Timothy Hughes presenting

World leader in CML research, Professor Timothy Hughes has seen CML transform from “a universally fatal disease” in the 1980s, to a chronic disease requiring lifelong therapy in the 2000s, to a disease where treatment free remission is possible for many in the current decade. He is Cancer Theme Leader at the South Australian Health and Medical Research Institute (SAHMRI), Beat Cancer Professor at the University of Adelaide and has a host of accolades including the GSK Award for Research Excellence 2017.

Q. Why did you choose a career in CML?

I specialised in CML after having the privilege of working with [the late] John Goldman in London in the 1980s. He was the leader in the field at that stage. CML was such a fascinating and challenging disease. We knew a mutant gene caused the leukaemia but couldn’t convert that knowledge into treatment. I thought this was a worthwhile challenge to build my career on.

Q. How has CML treatment changed?

The first agent that had an impact on survival was interferon. It was very toxic, with severe side-effects and only benefitted about 25% of patients. When the tyrosine kinase inhibitors (TKIs) first became clinically available in Australia around 2000, we started seeing good responses in over 80% of patients. The responses were deeper and the tolerance of these oral agents was much better. This complete turnaround in both effectiveness and tolerance is important when you’re talking about a lifelong therapy. The first TKI was imatinib (Glivec®) and the responses were so dramatic that a couple of CML experts, including me, proposed that perhaps some patients could eventually stop their therapy.

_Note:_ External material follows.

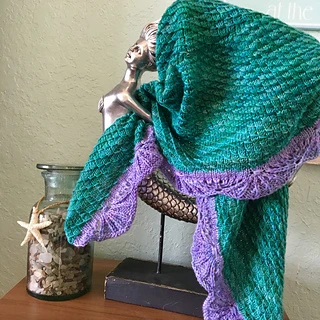 Ariel shawl knitting pattern inspired by Disney’s The Little Mermaid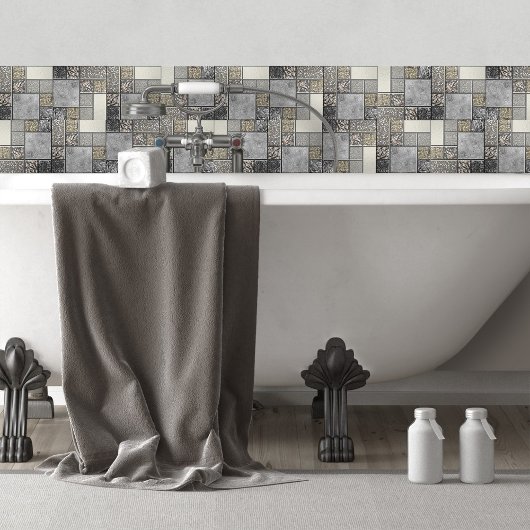 Luxe Glas, Shell & Metaal Geometrische N3 Tegeltje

Q. What was the initial response to treatment free remission?

French and the Australian groups pioneered the concept of treatment free remission (TFR) as a potential ultimate goal of CML treatment. For many years TFR was regarded as dangerous and inappropriate and something patients would find confusing, as on the one hand we tell them to take their drug every day, and on the other hand we tell them to stop taking their drug one day. There’s still a lot of concern about doing it properly, under the right conditions. The risk is that clinicians who aren’t very experienced at treating CML may misinterpret or only get half the message and stop their patient’s therapy after a couple of years when their responses have been good, but not as deep as you need to get successful TFR. That’s something we talk about a lot at meetings and workshops; the critical requirements that make TFR a safe thing.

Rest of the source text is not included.